Jeudi 30 janvier 2014, le ministère de l'Ecologie du développement durable et de l’énergie mettait en ligne les projets de textes - ordonnance et décret - visant à créer une autorisation unique pour les projets d'installations classées (ICPE) définies par le Code de l’environnement comme « les installations exploitées ou détenues par toute personne physique ou morale, publique ou privée, qui peuvent présenter des dangers ou des inconvénients soit pour la commodité du voisinage, soit pour la santé, la sécurité, la salubrité publiques, soit pour l'agriculture, soit pour la protection de la nature, de l'environnement et des paysages, soit pour l'utilisation rationnelle de l'énergie, soit pour la conservation des sites et des monuments ainsi que des éléments du patrimoine archéologique ».

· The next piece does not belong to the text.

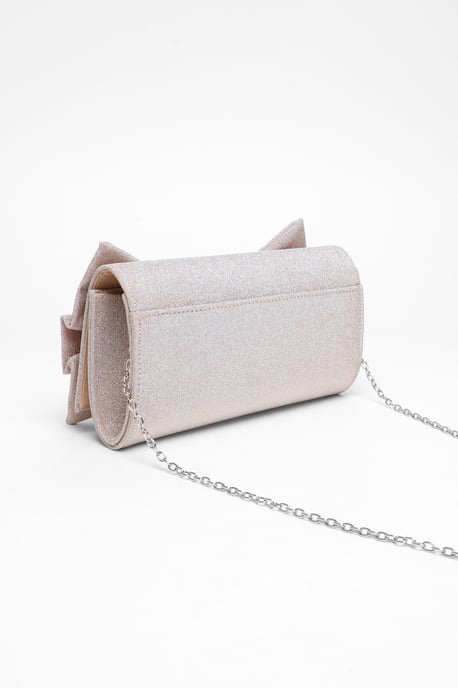 Pink Glitter Bow Bag - Image 4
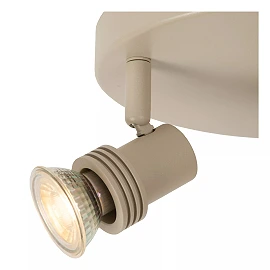 KIANTI Ceiling spotlight Ø21 cm 3xGU10 50W Taupe (Lucide)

L’objectif de cette expérimentation : fusionner en une seule et même autorisation, délivrée par le préfet de département, les multiples décisions (autorisation ICPE, permis de construire, autorisation de défrichement, dérogation "espèces protégées", autorisation au titre du code de l'énergie etc…) aujourd’hui nécessaires à la mise en œuvre d’un même projet d’ICPE.

I- Objectifs de la réforme

Selon le ministère de l’écologie, « même si des actions sont déjà menées sous l’autorité des préfets pour assurer une cohérence dans l’instruction de ces diverses autorisations […], la multiplication des procédures distinctes pour un même projet constitue une source de complexité inutile, tant pour les porteurs de projets, que pour les services de l’Etat. Cette multiplicité nuit par ailleurs à la lisibilité de l’action publique et est également néfaste aux objectifs de protection de l’environnement dans la mesure où la cohérence des décisions n’est pas garantie : ainsi une autorisation de défrichement peut être octroyée pour une ICPE qui ne sera jamais autorisée, l’autorisation ICPE est délivrée indépendamment de l’éventuelle atteinte aux espèces protégées... ».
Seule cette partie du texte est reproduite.